I've never really been comfortable with the idea that an abstraction like a  business object - something that can be used for more than persistence to the application's database  - must get it's ID from an external, and very likely, distributed system.  Since a GUID's uniqueness is ensured algorithmically, and since it can be done in the same local memory space as the object that it identifies, it seems a bit off to me that we'd defer to a remote dependency for something that is easily had locally, and that can be kept close to the object that is its primary client, and that is most concerned with it.

Since SQL Server 2005 has addressed the index fragmentation issue with GUID-based indexes, and since the COMB GUID generation code is easily had, GUIDs are a much easier decision to make. [emphasis mine.]

That said, there are still compelling reasons to use integer ID's, but the vast majority of database apps aren't of the ilk that require integer ID's specifically.

August 22, 2006 12:15 AM

----

Now for an article by Jimmy Nilsson that lays it out.

Pros and Cons of GUIDs as Primary Keys

http://(www.informit.com/articles/article.asp?p=25862&seqNum=5&rl=1)

Let's say that we plan to use GUIDs for the primary keys. What are the advantages and disadvantages when compared to INTEGERs? We should always start with the positive, so here goes:

·         We get a more object ID–like datatype because each primary key typically will be unique for the complete database. This gives good effects, for example, when designing a custom solution for pessimistic locking (but that's another long story).
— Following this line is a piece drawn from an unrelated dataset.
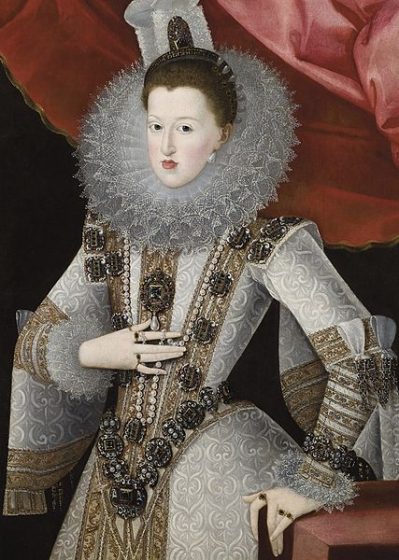 Margaret of Austria wearing El Estanque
·         @@IDENTITY has been a source of problems when INSERT triggers have INSERTed rows into other tables with IDENTITYs. (You can use SCOPE_IDENTITY() in SQL Server 2000 to avoid this problem.)

·         You can move the creation processing of the values from the data tier to the business or consumer tiers. For example, the consumer can create complete structures of orders and details that can be sent all the way through the business tier to the data tier in one go, which can reduce the number of round trips. A more basic way of saying this is that you can get the ID value before you use it, not just afterward, as is the case with IDENTITYs.

NOTE

In the case of .NET and ADO.NET, it's a big advantage to know the ID value at the time rows are added to the DataSet. Otherwise, for example, autogenerated INSERTs can't be used for master-detail relationships within the DataSet.

·         The span of values for GUIDs is enough for most scenarios. INTEGERs are not big enough for some scenarios. (By the way, with INTEGERs, you don't have to start the seed on 1. You can just as easily start it on the smallest negative INTEGER and thereby double the span of values.)

·         You can prepare for merge replication. When merge replication is to be used, each table to be replicated must have a GUID column (called ROWGUID in SQL Server). You also don't have to give each server in a merge replication scenario a unique set of values to use for the keys. The risk of duplicate GUIDs is so small that this shouldn't be a problem.

·         IDENTITY can't be used for tables in distributed partitioned views.

·         A GUID will not mean anything to the users. An INTEGER can be read, understood, and remembered. It's common to see INTEGER keys in the UI, and that might cause problems later.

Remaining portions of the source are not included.